読んだ本のメモ

印象に残った言葉をメモします。

人間にとって法とは何か

禅宗について

もうひとつ、中国では、新しい宗派である禅宗ができました。これは中国独特のものです。禅宗は、大乗の出家者も使っていた小乗の戒律を止めてしまいました。どうして釈尊の制定した戒律を止めて、それでもまだ仏教であることができるのかというと、こういう論法です。

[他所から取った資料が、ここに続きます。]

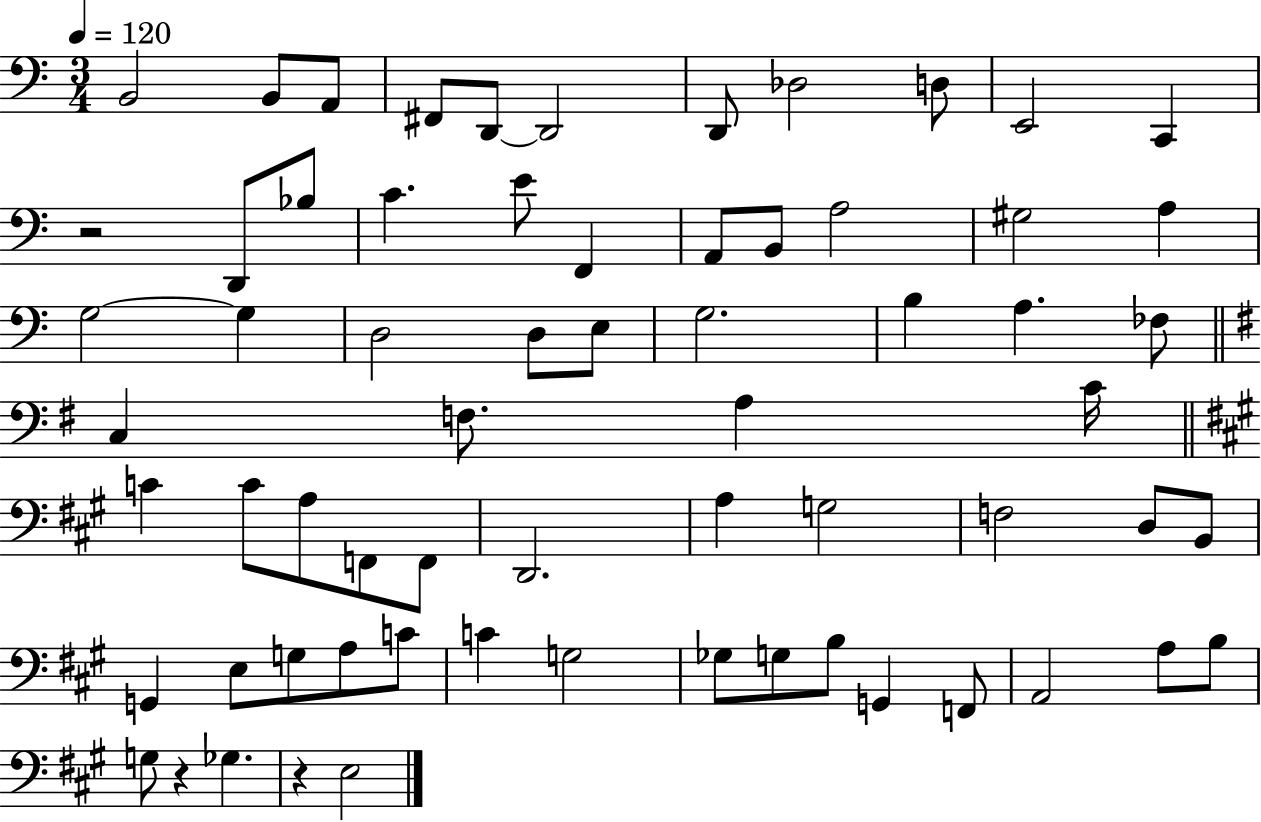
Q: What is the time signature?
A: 3/4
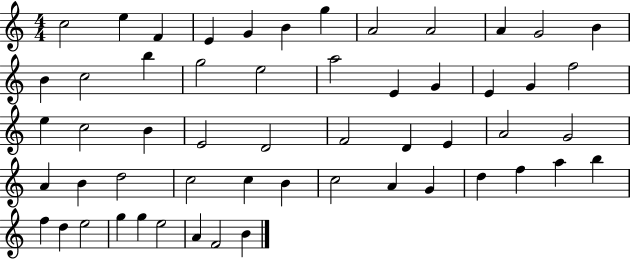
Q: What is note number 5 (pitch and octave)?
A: G4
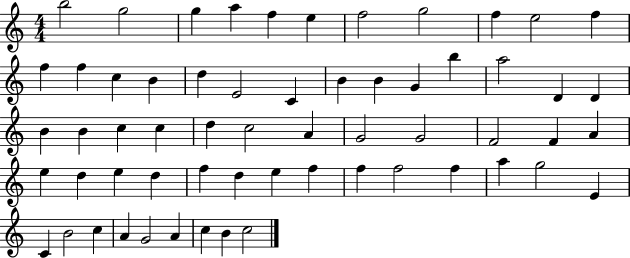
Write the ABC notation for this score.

X:1
T:Untitled
M:4/4
L:1/4
K:C
b2 g2 g a f e f2 g2 f e2 f f f c B d E2 C B B G b a2 D D B B c c d c2 A G2 G2 F2 F A e d e d f d e f f f2 f a g2 E C B2 c A G2 A c B c2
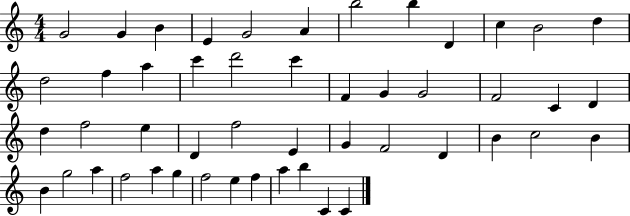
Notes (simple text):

G4/h G4/q B4/q E4/q G4/h A4/q B5/h B5/q D4/q C5/q B4/h D5/q D5/h F5/q A5/q C6/q D6/h C6/q F4/q G4/q G4/h F4/h C4/q D4/q D5/q F5/h E5/q D4/q F5/h E4/q G4/q F4/h D4/q B4/q C5/h B4/q B4/q G5/h A5/q F5/h A5/q G5/q F5/h E5/q F5/q A5/q B5/q C4/q C4/q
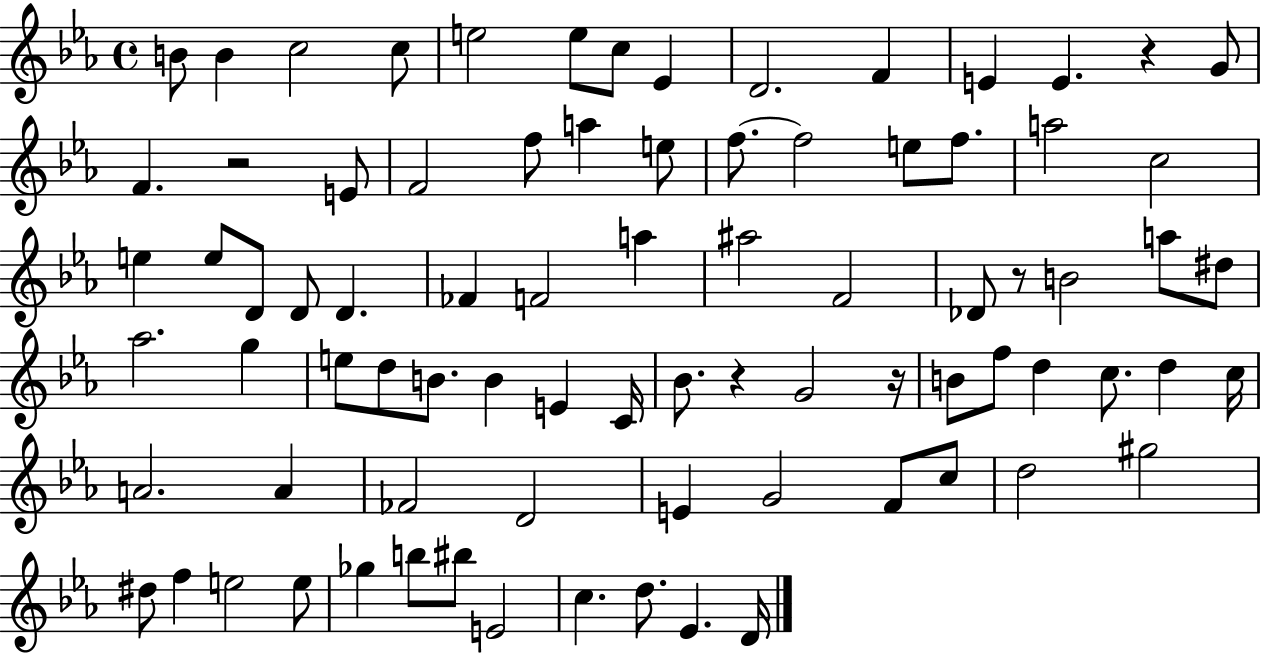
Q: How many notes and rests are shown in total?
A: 82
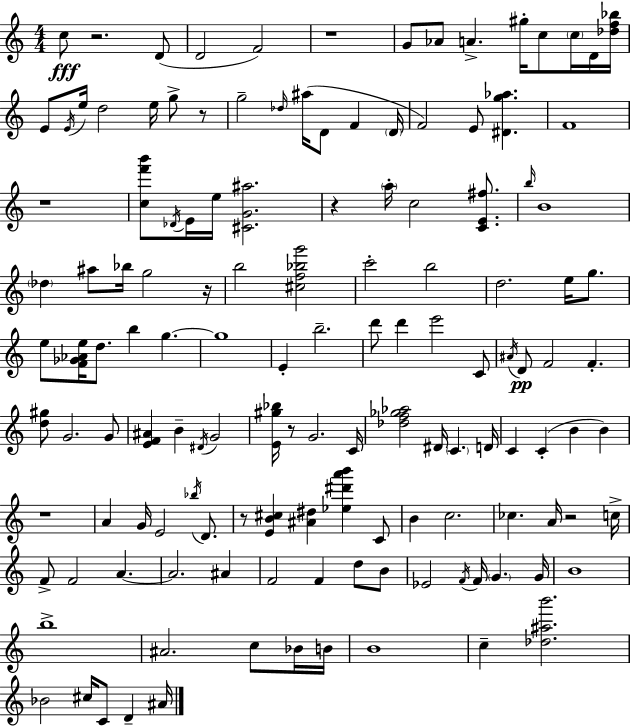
C5/e R/h. D4/e D4/h F4/h R/w G4/e Ab4/e A4/q. G#5/s C5/e C5/s D4/s [Db5,F5,Bb5]/s E4/e E4/s E5/s D5/h E5/s G5/e R/e G5/h Db5/s A#5/s D4/e F4/q D4/s F4/h E4/e [D#4,G5,Ab5]/q. F4/w R/w [C5,F6,B6]/e Db4/s E4/s E5/s [C#4,G4,A#5]/h. R/q A5/s C5/h [C4,E4,F#5]/e. B5/s B4/w Db5/q A#5/e Bb5/s G5/h R/s B5/h [C#5,F5,Bb5,G6]/h C6/h B5/h D5/h. E5/s G5/e. E5/e [F4,Gb4,Ab4,E5]/s D5/e. B5/q G5/q. G5/w E4/q B5/h. D6/e D6/q E6/h C4/e A#4/s D4/e F4/h F4/q. [D5,G#5]/e G4/h. G4/e [E4,F4,A#4]/q B4/q D#4/s G4/h [E4,G#5,Bb5]/s R/e G4/h. C4/s [Db5,F5,Gb5,Ab5]/h D#4/s C4/q. D4/s C4/q C4/q B4/q B4/q R/w A4/q G4/s E4/h Bb5/s D4/e. R/e [E4,B4,C#5]/q [A#4,D#5]/q [Eb5,D#6,A6,B6]/q C4/e B4/q C5/h. CES5/q. A4/s R/h C5/s F4/e F4/h A4/q. A4/h. A#4/q F4/h F4/q D5/e B4/e Eb4/h F4/s F4/s G4/q. G4/s B4/w B5/w A#4/h. C5/e Bb4/s B4/s B4/w C5/q [Db5,A#5,B6]/h. Bb4/h C#5/s C4/e D4/q A#4/s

禅宗創始者は、達磨大師です。この人はインド人で、紀元六世紀のころ、インドから南海経由で渡来しました。達磨が言うのには、達磨大師の行法である座禅というものは、文字によらない釈尊直伝の修行法である。文字で記した経典はシルクロード経由で中国に伝わったかも知れないが、この秘密の修行法は伝わらなかった。それは代々師匠から弟子に伝わって、達磨大師のものになった。




こちらのほうが本当の教えである。ゆえに経典は読まなくてもいいから、座禅をしなさい。こういう教えをはじめたわけです。ですから、戒律を止めることができた。ちょっと怪しいのですが、こういう触れ込みです。



そうすると「不立文字」ということになって、経典は読まず、ひたすら座禅する。戒律を廃止した点が大事なのですが、その目的は何か
戒律は労働を禁止しています。農業を禁止しているので、出家修行者は農業ができない。生産的な労働はいっさい出来なかったのですが、禅宗は修行者に命じて農業をさせ、ほかにも生産的な活動をいろいろさせる。



具体的にいうと食糧を自分でつくり、料理もして、托鉢(乞食修業)を止めてしまったのです。そこで味噌、醤油、豆腐のような大豆蛋白で、自活する方法を生み出しました。これらは、禅宗が普及させた食品です。



こうして、精進料理というものを編み出したのが禅宗です。殺生戒はまだ生きていますから、動物性蛋白を摂ることはできない。中国の精進料理は、見た所、大豆製品を使い、肉料理にそっくりにつくってあります。フェイクなのです。(略)



その後の中国仏教について、簡単にのべておきます。
仏教は、中国で、急速に勢力を失ってしまいます。仏教が国営仏教となったことで、仏教と儒教はライバルの関係となりました。そして、儒教科挙を完成させ、国家行政を完全にコントロールするようになると、仏教は駆逐されていきます。



禅宗は、自給自足で、国家行政に組み込まれていませんでしたから、それでも生き残ることができました。とは言え、世俗社会のルールと異なった出家集団のルールを廃止してしまったので、中国社会と次第に融合し、仏教の独自性を失っていきます。」